Understand regulatory compliance interplay. If an organization is already subject to data security or privacy regulations, it is important, from the start, to identify whether and how the Framework can complement and ideally support existing compliance programs.
For example, under the Gramm-Leach-Bliley Act, federal banking agencies have issued Interagency Guidelines Establishing Information Security Standards (Security Guidelines), which require financial institutions to develop written information security programs with administrative, technical, and physical safeguards designed to ensure the security, confidentiality, and integrity of customer information. The Security Guidelines were supplemented by an Interagency Guidance on Response Programs for Unauthorized Access to Customer Information and Customer Notice (Response Guidance), which requires financial institutions to develop and implement response programs designed to address incidents of unauthorized access to customer information maintained by institutions or their service providers.
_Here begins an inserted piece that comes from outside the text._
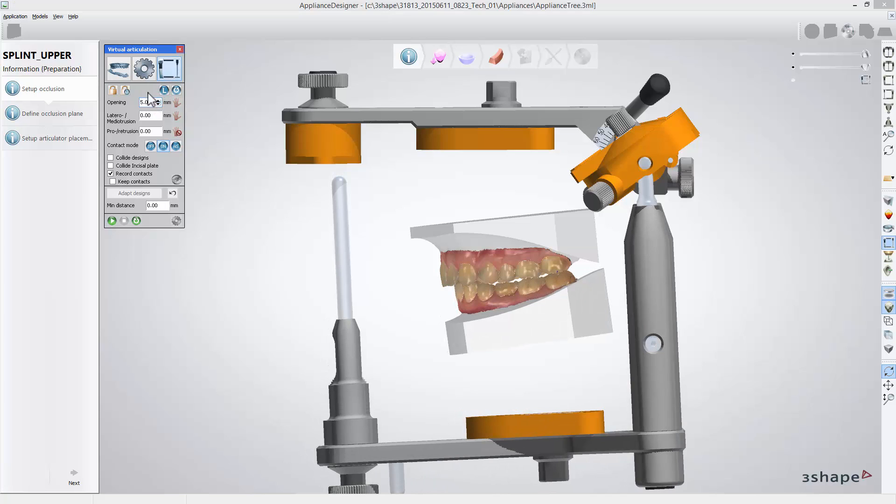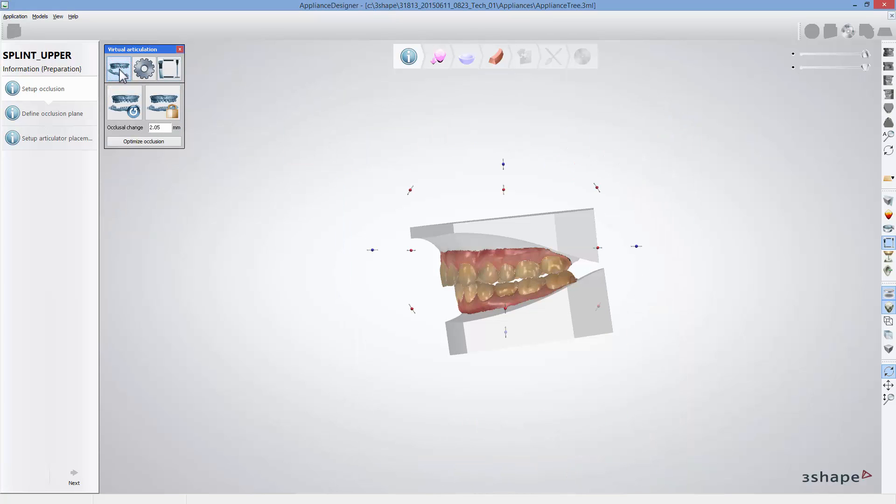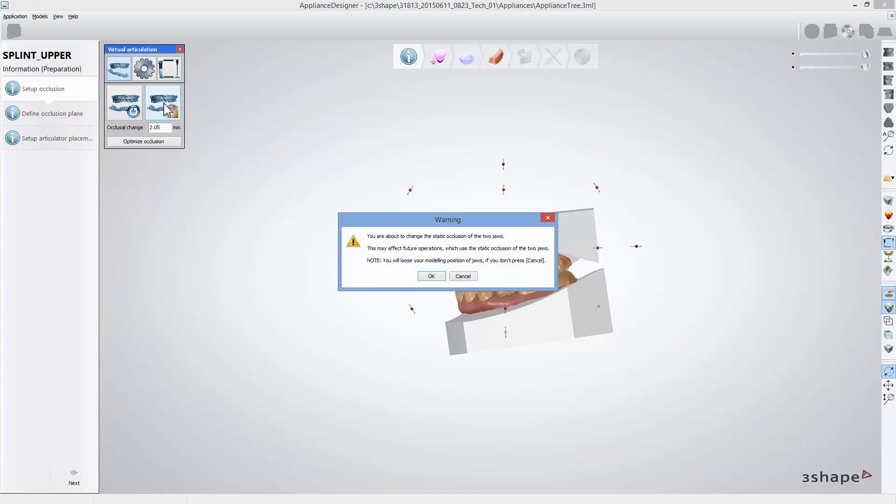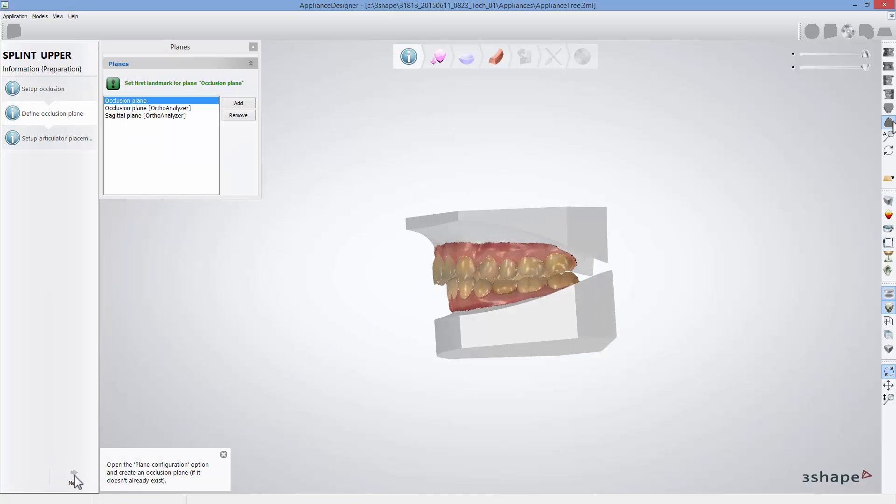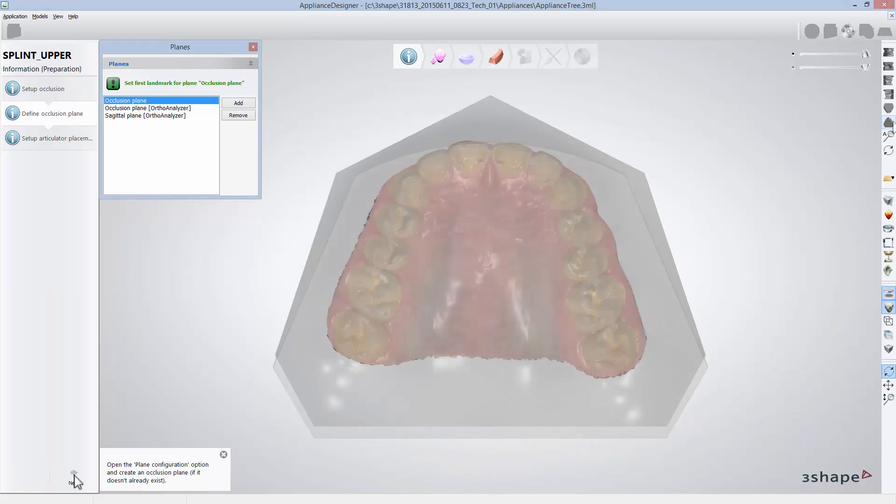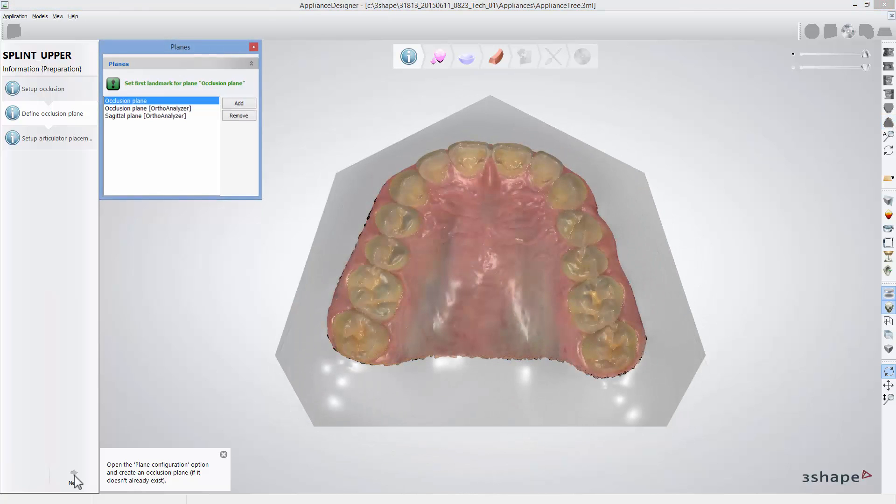Then go back to modifying the alignment to see the actual opening between teeth and click log the current alignment to keep that position during design. Once you have set a new static occlusion, click next to get to the define occlusion plane step.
Under the Security Guidelines and Response Guidance, financial institutions must implement a wide range of actions, many of which are mentioned in the Framework.
Similar laws, regulations, and guidance exist and apply in sectors outside of financial services. It is therefore essential that organizations subject to security or privacy regulations form close partnerships between their security, compliance, and legal teams to address the interplay between those regulations and the Framework.
Address vendor and customer ecosystem. Depending on the industry, some organizations may find that their customers will soon start to ask questions about security practices that are derived from Framework. Some customers may go so far as to ask for representations via contract relating to Framework use or adoption. Organizations must anticipate those questions and requests, and plan for how to address them, especially in light of the significant and growing legal risk associated with breaches of security-related representations.
In recognition of the significant risks posed by vendors that have access to the organization’s systems and data or that otherwise pose supply chain risk, organizations may also wish to review their vendor oversight programs. For example, organizations may wish to include new language in their vendor contracts or bid processes reflecting vendors’ use or adoption of the Framework (e.g., giving preference to vendors that agree to use the Framework).
Plan for privacy. Section 3.5 of the Framework describes how certain cybersecurity activities (e.g., systems monitoring or information sharing) may impact privacy. The Framework offers a “methodology” for organizations to use when addressing privacy in those contexts. The methodology is actually a list of process-based measures, such as “process is in place to conduct a privacy review of an organization’s anomalous activity detection and cybersecurity monitoring.” It would be prudent for all organizations, even those that do not use the Framework in its entirety, to review the methodology and confirm that they have implemented appropriate measures to address privacy that are consistent with, and hopefully part of, their overall privacy programs.
Conclusion: Organizations should take the time now to become familiar with the Framework and determine how to respond to its release. Customers and competitors will no doubt soon be considering their strategies for Framework implementation. Organizations that set aside the Framework for a later time may find themselves playing catch up in the market or being forced to make critical cybersecurity decisions on another entity’s time frame.